Range to output from the entries below: the line containing "Skinny blonde is walking naked in the sea!" through the line containing "a white plate". Set it down exactly, ends included, nothing else.

::: Dataset records :::

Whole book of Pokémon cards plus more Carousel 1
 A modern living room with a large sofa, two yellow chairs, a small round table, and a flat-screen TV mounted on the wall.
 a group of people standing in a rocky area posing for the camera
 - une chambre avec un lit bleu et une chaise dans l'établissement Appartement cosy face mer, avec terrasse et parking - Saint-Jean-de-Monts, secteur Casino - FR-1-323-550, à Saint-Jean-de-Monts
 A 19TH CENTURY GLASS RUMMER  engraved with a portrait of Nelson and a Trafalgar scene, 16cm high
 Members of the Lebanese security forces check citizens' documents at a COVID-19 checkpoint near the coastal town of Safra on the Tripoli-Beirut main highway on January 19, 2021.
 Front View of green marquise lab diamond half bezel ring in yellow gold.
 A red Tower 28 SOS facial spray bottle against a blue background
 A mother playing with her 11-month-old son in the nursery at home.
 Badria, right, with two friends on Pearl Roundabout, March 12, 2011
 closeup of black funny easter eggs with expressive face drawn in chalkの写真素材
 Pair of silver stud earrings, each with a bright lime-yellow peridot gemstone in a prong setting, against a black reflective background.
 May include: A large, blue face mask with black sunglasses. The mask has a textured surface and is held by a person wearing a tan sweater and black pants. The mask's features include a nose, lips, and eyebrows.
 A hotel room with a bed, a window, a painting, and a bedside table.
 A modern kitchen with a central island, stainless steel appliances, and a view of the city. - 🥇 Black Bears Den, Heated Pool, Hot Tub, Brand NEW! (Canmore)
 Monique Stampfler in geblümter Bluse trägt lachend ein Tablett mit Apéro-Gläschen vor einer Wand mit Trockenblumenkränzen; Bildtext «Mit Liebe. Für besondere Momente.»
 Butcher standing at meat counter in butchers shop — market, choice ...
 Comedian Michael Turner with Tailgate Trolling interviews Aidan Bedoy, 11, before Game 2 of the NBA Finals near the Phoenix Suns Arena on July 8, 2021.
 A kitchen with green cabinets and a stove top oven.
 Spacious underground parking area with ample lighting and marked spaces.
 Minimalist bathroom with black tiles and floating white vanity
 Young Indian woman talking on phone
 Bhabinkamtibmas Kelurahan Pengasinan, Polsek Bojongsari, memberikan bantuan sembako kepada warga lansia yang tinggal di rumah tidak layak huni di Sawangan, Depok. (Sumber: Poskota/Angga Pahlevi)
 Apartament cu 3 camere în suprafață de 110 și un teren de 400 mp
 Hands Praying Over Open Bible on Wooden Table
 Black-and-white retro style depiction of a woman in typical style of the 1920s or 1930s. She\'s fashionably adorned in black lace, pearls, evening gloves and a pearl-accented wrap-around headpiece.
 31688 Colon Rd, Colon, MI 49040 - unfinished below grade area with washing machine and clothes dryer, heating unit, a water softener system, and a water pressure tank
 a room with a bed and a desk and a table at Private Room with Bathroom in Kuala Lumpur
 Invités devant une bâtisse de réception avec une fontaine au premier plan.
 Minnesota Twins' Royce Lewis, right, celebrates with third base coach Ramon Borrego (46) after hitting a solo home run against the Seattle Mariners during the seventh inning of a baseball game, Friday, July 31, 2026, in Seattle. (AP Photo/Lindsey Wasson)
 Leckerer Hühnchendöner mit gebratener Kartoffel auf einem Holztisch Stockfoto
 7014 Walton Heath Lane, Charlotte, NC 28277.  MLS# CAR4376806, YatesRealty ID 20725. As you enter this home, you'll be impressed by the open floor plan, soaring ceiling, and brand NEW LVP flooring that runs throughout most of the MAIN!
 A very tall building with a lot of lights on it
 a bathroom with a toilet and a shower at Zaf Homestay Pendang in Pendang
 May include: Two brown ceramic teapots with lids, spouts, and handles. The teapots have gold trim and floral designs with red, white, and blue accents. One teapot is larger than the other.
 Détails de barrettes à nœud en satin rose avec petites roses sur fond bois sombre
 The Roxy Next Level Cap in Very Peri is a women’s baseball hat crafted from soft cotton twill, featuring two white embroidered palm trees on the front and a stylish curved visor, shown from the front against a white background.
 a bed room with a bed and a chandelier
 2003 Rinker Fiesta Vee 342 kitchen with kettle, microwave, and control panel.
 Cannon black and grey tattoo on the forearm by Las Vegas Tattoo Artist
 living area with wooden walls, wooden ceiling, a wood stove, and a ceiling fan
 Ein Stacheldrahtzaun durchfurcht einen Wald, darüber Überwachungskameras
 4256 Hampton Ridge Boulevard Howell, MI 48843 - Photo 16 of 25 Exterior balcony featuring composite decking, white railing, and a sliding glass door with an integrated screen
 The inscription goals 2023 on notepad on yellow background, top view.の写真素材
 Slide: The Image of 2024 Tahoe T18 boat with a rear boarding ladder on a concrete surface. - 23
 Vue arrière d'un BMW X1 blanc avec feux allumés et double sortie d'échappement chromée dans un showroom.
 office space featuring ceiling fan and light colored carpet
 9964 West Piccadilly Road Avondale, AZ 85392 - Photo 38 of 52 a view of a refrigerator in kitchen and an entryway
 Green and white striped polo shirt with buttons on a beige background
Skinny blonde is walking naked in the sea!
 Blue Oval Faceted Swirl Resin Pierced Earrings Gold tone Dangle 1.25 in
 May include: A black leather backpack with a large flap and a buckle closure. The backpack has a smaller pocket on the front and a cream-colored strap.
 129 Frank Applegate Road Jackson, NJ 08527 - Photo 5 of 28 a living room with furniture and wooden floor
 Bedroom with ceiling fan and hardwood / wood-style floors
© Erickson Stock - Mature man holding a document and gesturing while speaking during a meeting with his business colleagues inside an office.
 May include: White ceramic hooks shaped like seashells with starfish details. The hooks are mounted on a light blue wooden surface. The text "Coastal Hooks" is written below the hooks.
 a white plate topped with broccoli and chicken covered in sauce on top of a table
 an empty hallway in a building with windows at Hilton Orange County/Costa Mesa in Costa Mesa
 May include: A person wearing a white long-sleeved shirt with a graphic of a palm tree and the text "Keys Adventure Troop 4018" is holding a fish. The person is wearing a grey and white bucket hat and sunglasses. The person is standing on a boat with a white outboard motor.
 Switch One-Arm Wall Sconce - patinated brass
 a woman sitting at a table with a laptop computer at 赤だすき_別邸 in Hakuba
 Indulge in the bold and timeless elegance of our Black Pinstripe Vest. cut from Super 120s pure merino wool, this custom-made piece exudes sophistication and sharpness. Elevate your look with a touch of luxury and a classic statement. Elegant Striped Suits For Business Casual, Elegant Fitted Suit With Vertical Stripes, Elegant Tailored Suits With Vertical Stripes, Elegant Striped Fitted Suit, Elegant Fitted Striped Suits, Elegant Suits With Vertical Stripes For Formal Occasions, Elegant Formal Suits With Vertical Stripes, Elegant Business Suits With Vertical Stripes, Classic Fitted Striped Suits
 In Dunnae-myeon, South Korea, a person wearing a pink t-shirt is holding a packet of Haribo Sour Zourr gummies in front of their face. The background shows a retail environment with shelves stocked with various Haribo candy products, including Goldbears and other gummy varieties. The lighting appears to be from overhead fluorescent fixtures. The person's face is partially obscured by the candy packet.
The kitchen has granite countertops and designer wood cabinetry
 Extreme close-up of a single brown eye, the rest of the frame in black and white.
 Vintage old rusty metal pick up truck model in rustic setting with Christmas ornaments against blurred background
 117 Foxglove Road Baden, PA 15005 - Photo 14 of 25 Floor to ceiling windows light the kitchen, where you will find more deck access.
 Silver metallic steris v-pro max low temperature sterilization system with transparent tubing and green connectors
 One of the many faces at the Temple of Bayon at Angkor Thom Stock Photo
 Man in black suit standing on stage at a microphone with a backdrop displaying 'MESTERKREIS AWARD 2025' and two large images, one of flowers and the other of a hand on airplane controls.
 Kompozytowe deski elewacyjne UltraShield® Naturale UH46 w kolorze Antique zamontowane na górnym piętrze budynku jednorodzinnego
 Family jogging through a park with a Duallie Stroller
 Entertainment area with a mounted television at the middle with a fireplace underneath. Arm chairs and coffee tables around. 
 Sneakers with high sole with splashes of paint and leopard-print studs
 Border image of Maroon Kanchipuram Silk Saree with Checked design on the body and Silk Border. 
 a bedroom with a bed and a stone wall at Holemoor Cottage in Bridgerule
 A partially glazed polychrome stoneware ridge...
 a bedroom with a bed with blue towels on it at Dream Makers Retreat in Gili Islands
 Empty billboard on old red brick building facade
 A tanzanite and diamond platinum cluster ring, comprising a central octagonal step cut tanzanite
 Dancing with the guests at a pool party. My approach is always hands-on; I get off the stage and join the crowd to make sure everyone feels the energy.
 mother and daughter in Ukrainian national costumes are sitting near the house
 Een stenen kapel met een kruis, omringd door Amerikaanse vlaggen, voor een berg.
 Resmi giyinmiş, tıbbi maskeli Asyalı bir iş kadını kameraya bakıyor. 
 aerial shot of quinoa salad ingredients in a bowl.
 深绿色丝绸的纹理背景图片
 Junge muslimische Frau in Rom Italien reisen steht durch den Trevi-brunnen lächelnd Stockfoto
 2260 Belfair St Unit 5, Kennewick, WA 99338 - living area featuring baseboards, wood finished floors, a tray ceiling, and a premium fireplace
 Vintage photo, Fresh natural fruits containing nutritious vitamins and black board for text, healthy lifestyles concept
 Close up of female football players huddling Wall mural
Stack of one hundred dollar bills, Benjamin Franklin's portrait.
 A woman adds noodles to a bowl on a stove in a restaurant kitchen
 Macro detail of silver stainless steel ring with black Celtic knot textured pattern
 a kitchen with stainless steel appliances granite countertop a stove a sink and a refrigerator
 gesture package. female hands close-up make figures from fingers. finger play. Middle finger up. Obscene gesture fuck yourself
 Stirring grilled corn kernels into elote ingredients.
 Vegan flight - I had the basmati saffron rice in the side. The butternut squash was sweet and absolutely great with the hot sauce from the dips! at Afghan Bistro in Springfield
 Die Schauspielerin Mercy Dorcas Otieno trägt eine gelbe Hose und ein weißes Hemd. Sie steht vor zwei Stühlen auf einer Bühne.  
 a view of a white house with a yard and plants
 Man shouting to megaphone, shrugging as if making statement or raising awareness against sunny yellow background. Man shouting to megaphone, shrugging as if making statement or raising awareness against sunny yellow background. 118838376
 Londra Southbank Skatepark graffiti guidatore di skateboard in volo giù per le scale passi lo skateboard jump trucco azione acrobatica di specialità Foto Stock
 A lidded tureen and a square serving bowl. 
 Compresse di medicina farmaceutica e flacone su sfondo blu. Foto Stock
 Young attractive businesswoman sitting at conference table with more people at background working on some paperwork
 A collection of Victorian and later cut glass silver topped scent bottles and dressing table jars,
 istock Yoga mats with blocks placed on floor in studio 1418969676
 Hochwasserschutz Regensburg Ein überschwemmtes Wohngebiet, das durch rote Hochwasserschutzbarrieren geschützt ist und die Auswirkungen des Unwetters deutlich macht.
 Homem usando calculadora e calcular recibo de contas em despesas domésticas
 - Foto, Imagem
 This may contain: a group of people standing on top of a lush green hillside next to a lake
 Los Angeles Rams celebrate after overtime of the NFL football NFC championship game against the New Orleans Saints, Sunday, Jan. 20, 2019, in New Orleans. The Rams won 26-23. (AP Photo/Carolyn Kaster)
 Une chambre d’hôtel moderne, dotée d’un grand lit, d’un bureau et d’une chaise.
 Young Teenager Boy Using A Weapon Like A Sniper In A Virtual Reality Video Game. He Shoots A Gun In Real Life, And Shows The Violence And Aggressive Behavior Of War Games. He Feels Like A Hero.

:::

▸ **Task output**:
Skinny blonde is walking naked in the sea!
 Blue Oval Faceted Swirl Resin Pierced Earrings Gold tone Dangle 1.25 in
 May include: A black leather backpack with a large flap and a buckle closure. The backpack has a smaller pocket on the front and a cream-colored strap.
 129 Frank Applegate Road Jackson, NJ 08527 - Photo 5 of 28 a living room with furniture and wooden floor
 Bedroom with ceiling fan and hardwood / wood-style floors
© Erickson Stock - Mature man holding a document and gesturing while speaking during a meeting with his business colleagues inside an office.
 May include: White ceramic hooks shaped like seashells with starfish details. The hooks are mounted on a light blue wooden surface. The text "Coastal Hooks" is written below the hooks.
 a white plate topped with broccoli and chicken covered in sauce on top of a table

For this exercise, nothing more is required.